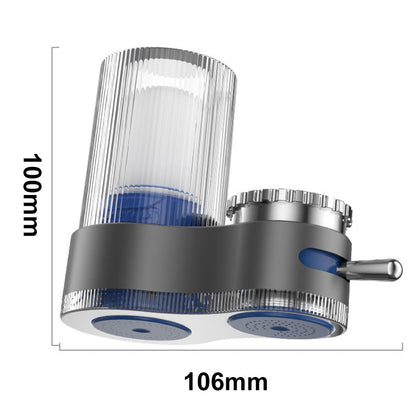 Tap Water Filter – Advanced Faucet Water Filter for Clean Drinking Water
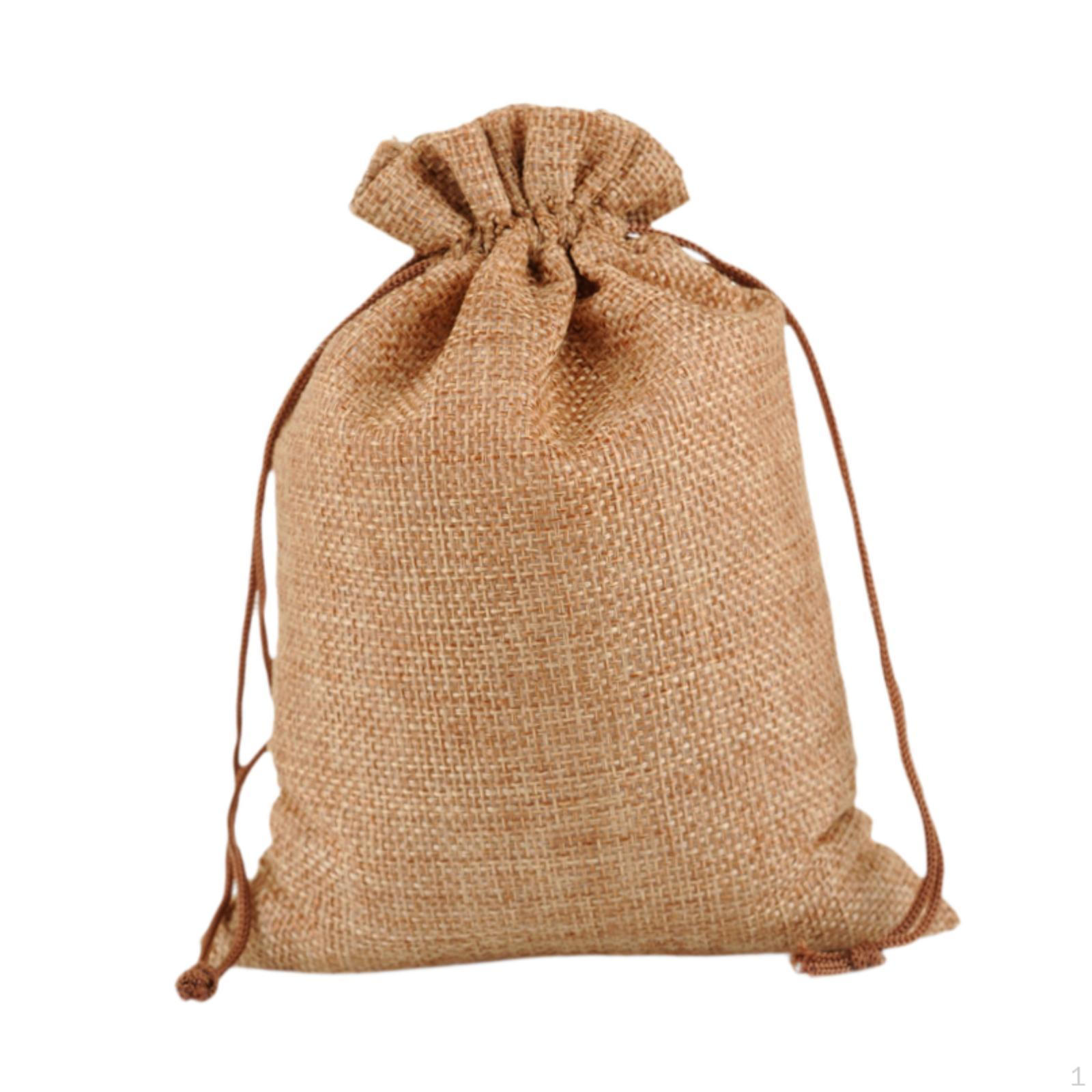 

50 Drawstring Bags for Gifts And Treats Celebrations Gatherings фіолетовий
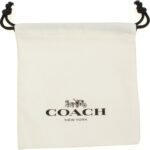 Coach Enamel Hinge Buckle Bangle Bracelet 2 150x150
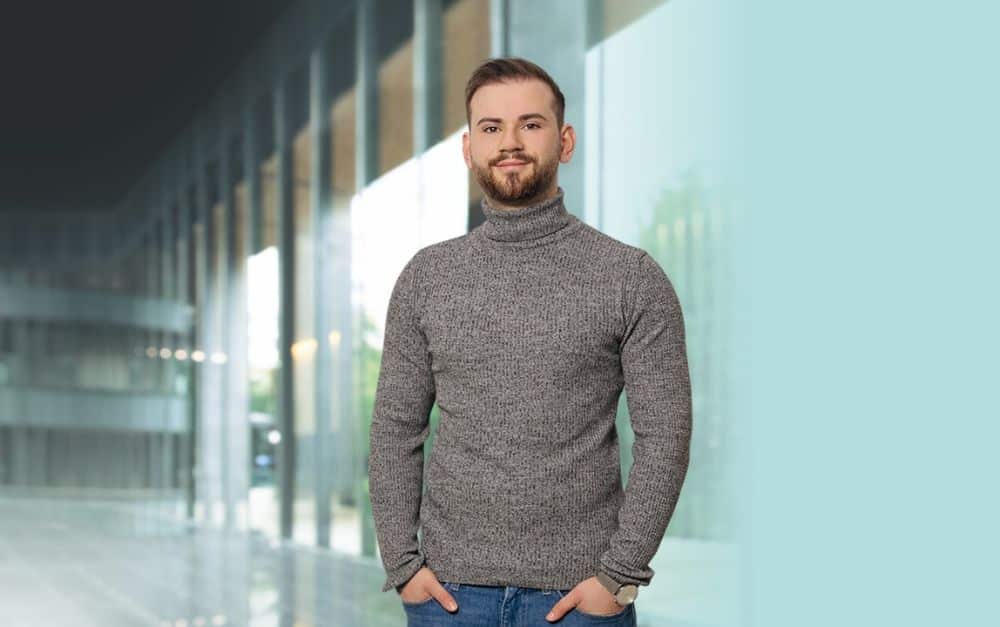 Das ist Christoph Zytke von der Württembergischen Versicherung – Ihr Partner in Seckach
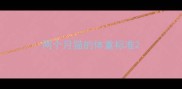 两个月猫的体重标准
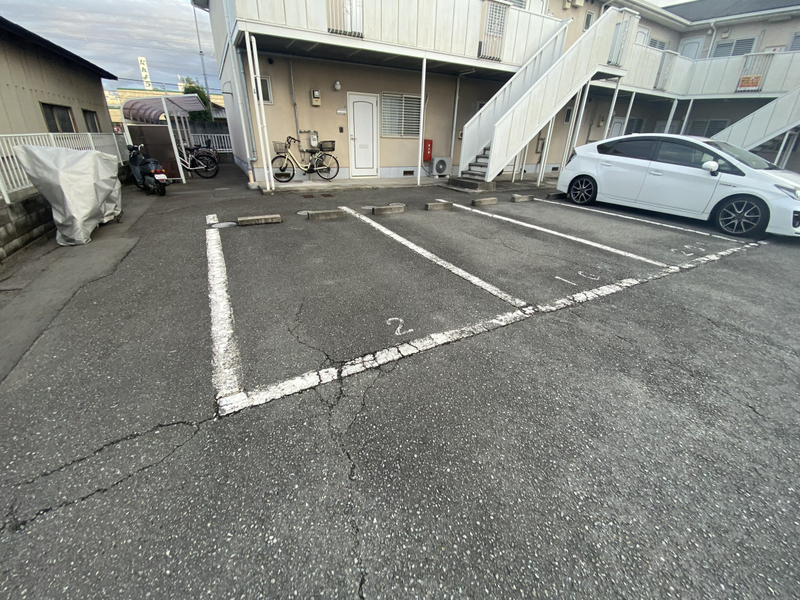 駐車場 写真32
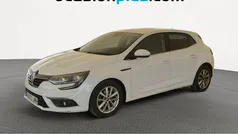 Blanco Usado 2017 Renault Mégane IV Intens Utilitario | 11.350 € (Precio justo)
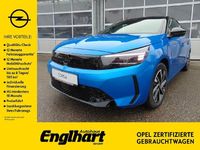 Gebraucht Opel Corsa 101 PS (74 kW) 2026 Blau Kleinwagen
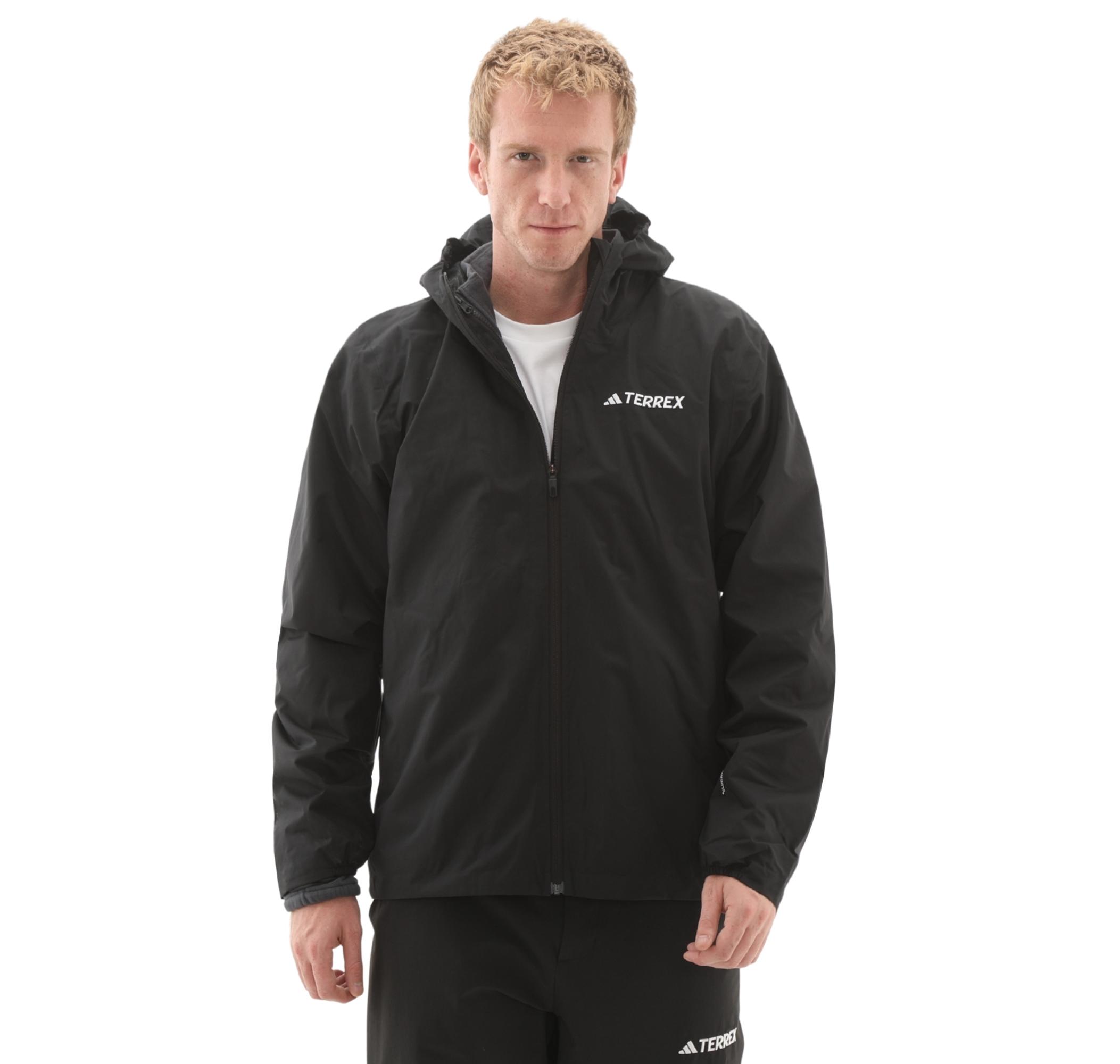Мужская ветровка adidas Mt Ess 3In1 J Yağmurluk-Rüzgarlik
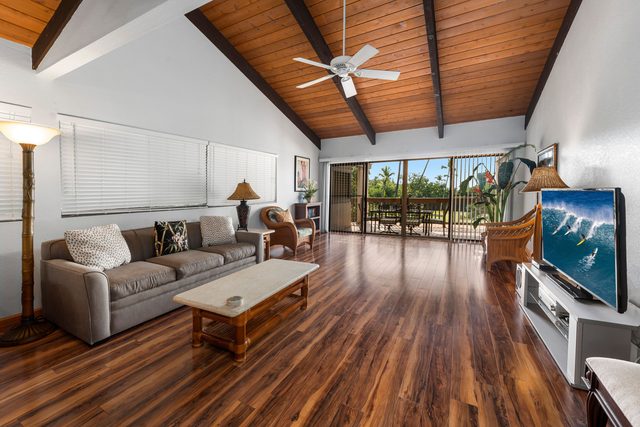 Kona Coast Resort at Keauhou Gardens 2201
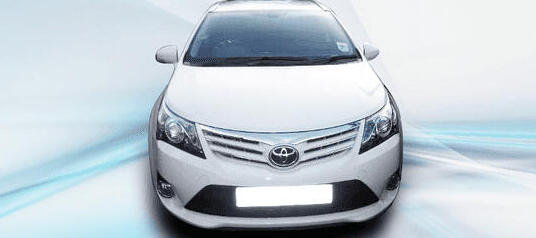 Andrews Harrogate Taxi Toyota Estate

───

--- What is expected ---
Give back all of the material exactly, though without the images it contains.

--- Exercise solution ---
 Tap Water Filter – Advanced Faucet Water Filter for Clean Drinking Water

50 Drawstring Bags for Gifts And Treats Celebrations Gatherings фіолетовий
 Coach Enamel Hinge Buckle Bangle Bracelet 2 150x150
 Das ist Christoph Zytke von der Württembergischen Versicherung – Ihr Partner in Seckach
 两个月猫的体重标准
 駐車場 写真32
 Blanco Usado 2017 Renault Mégane IV Intens Utilitario | 11.350 € (Precio justo)
 Gebraucht Opel Corsa 101 PS (74 kW) 2026 Blau Kleinwagen
Мужская ветровка adidas Mt Ess 3In1 J Yağmurluk-Rüzgarlik
 Kona Coast Resort at Keauhou Gardens 2201
 Andrews Harrogate Taxi Toyota Estate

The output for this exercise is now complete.